Saturday, December 01, 2007
Editorial from the December 2007 issue of the Socialist Standard
Whether Polish plumbers, Portuguese hop-pickers or Chinese cockle-pickers, migrant labour in the UK is undoubtedly higher profile now than it has been for many decades. The focus groups and private polling used by the major parties are confirming immigration as the No 1 issue for voters at the moment.
In some parts of the UK the influx may well have resulted in increased unemployment for existing workers and appears to be putting a downward pressure on wages in some sectors.
It's worth noting that there has been an enormous effort made to vilify, criminalise and erase racist language and ideas over the last few decades. World socialists have not opposed these developments but we have argued that racism – like other the so-called "hate" crimes – is usually fuelled and ignited by poverty and fear, and therefore cannot be removed until the cause is.
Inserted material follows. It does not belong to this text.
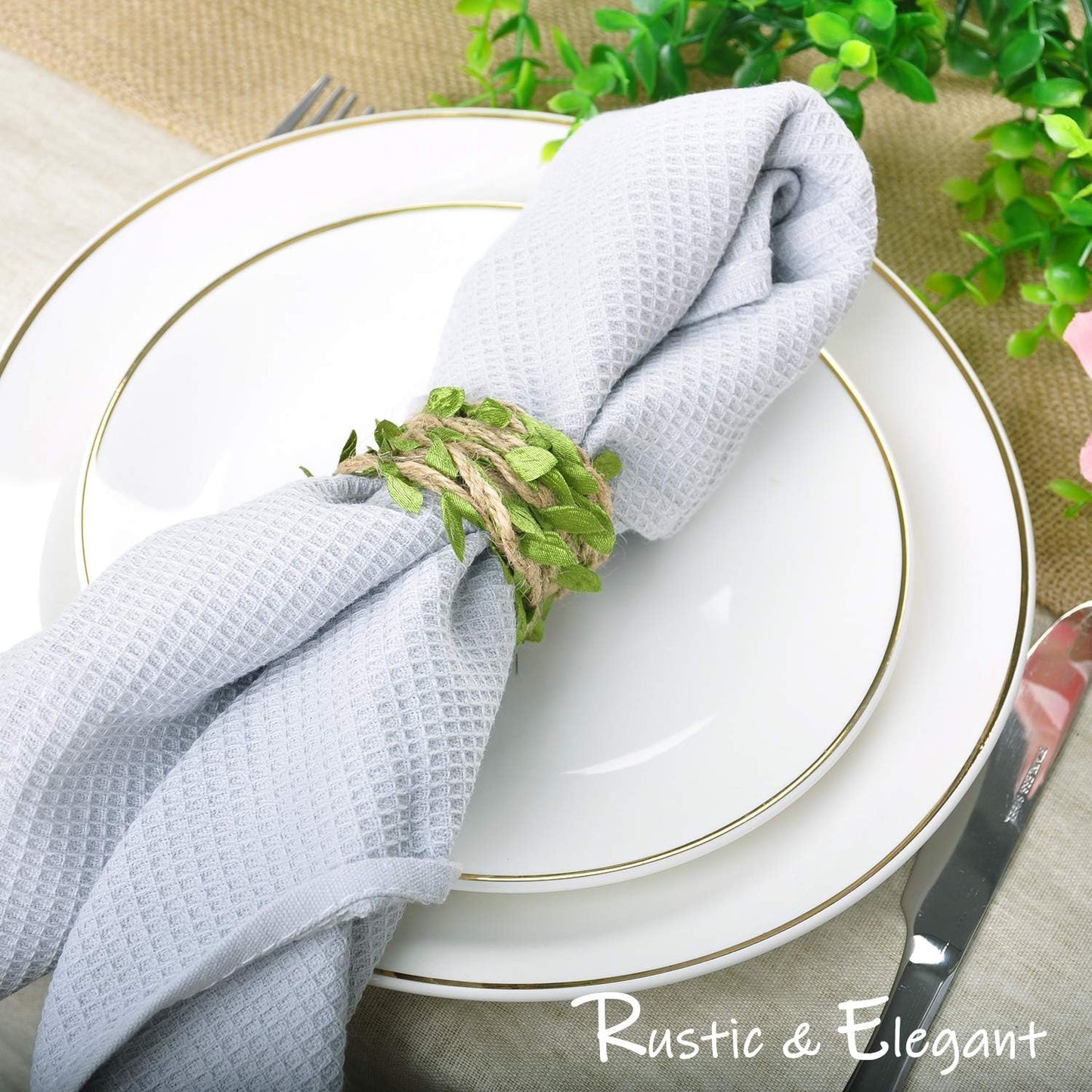 Naidiler 32 Ft Burlap Leaf Ribbon Twine for Crafts for Safari, Jungle, Fairy Party, Woodland Baby Shower, Enchanted Forest Decorations Vines Decor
For workers fighting over crumbs in lower wage unskilled jobs, the temptation to blame your unemployment or wage level on foreign labour may be strong. But nevertheless such views are false. The blame lies elsewhere. In order to stay profitable, UK employers are demanding cheap labour. It makes good business sense to welcome cheap labour from overseas – you didn't have to pay for its education, and after you have exploited it for a lifetime, you still won't have to pay its pension.
In many ways the government is only repeating at the national level what has been happening at employer level for many years with out-sourcing of staffing costs.
And while the free movement of labour is restricted, capital is of course expected to roam the globe looking out for ever better rates of exploitation, sniffing around the sweatshops for signs of harsher working conditions or longer hours. But if these chickens come home to roost – if little pockets of the third world's poor actually have the gumption or bravery to start popping up on our doorstep – then our local administrators of capitalism start to get a bit edgy.
As with so many issues, politicians are slowly realising that governments must simply accommodate to capitalism with regard to migration and accept it. They can only try to control it but if they are to have any hope of effectively securing borders and finding those who slip through they must expend vast sums as on ID cards and the like.
The World Socialist Movement didn't get its name for nothing. Unique amongst all political parties left and right we have no national axe to grind. We side with no particular state, no government, no currency. We have no time for nationalisation or privatisation, for border controls or for migration incentives. The world over, workers must do what they can individually and collectively to survive and resist capitalism. In many parts of the world that means escaping the tyranny of political terror or economic poverty. Politically however, workers should try and resist taking sides in the battles of the economic blocs who just happen to be named on the front of your passport. You must not blame another worker for your poverty. Instead we would argue that workers should recognise that – whether migrant or not, whether illegal or legal.